## Visualizing Multicollinearity in Python

Network Graphs for the win.

### Introduction

#### What is multicollinearity?

Multicollinearity is when two or more features are correlated with each other. Although correlation between the independent and dependent features is desired. multicollinearity of independent features is less desired in some settings. In fact, they can be omitted as they are not necessarily more informative than the feature they are correlated with. Identifying these features is therefore a form of feature selection. As a data scientist, it is **key to identify and understand multicollinearity in a dataset** prior to training predictive models. And even after having trained a model, it is important to limit highly collinear features as it can lead to misleading outcomes when explaining models.  
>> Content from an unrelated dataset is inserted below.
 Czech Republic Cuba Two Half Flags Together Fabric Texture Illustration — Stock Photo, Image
#### Why visualize multicollinearity?

Checking the correlation between the independent and dependent features is typically done during some exploratory data analysis. It can provide an early insight towards feature importance and thus a good understanding of how informative the features will do to do prediction. For feature selection, you do not have to necessarily visually inspect correlations between features. You can use metrics such as VIF (**Variable Inflation Factors**) to detect multicollinearity. However, it can still be worthwhile to visualize correlation between features as a means of extracting insights about the features of the dataset.

Correlation between features is typically visualized using a **correlation matrix** which in return is visualized with a heatmap showing the correlation factor of each feature in the dataset. Unfortunately, if the dataset has a large amount of features, then all a heatmap may do at that point is draw a nice 8-bit artwork. It can be incredibly difficult to extract any type of information because of the sheer size of the resultign heatmap. **With 50 features, that is a matrix with a shape of 50 X 50.** Colors and intensity may help to distinguish the most important factors, but that will be about it. Surely, there must be a better way. 
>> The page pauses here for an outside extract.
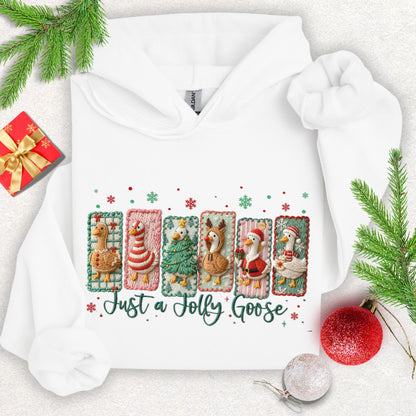 Faux Yarn Jolly Goose Hooded Sweatshirt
In this article, we present **three ways to visualize multicollinearity**. Namely, the de facto heatmap, the clustermap and the interactive network graph visualization. I will highlight the pros and cons of each visualization. 

#### Visualizing strong correlated stocks of the S&P500.

We will use S&P500 stock data (between 01/01/2020 and 31/12/2021) to visualize collinear stocks. With the **yfinance** package, you can simply retrieve the stock market data using the stock ticker symbols. Prior to retrieving the stock data, the S&P500 stock table is scraped from the Wikipedia page to retrieve all current stock information in the S&P500. This includes the names of the stocks, the tickers, the corresponding sector, and more. 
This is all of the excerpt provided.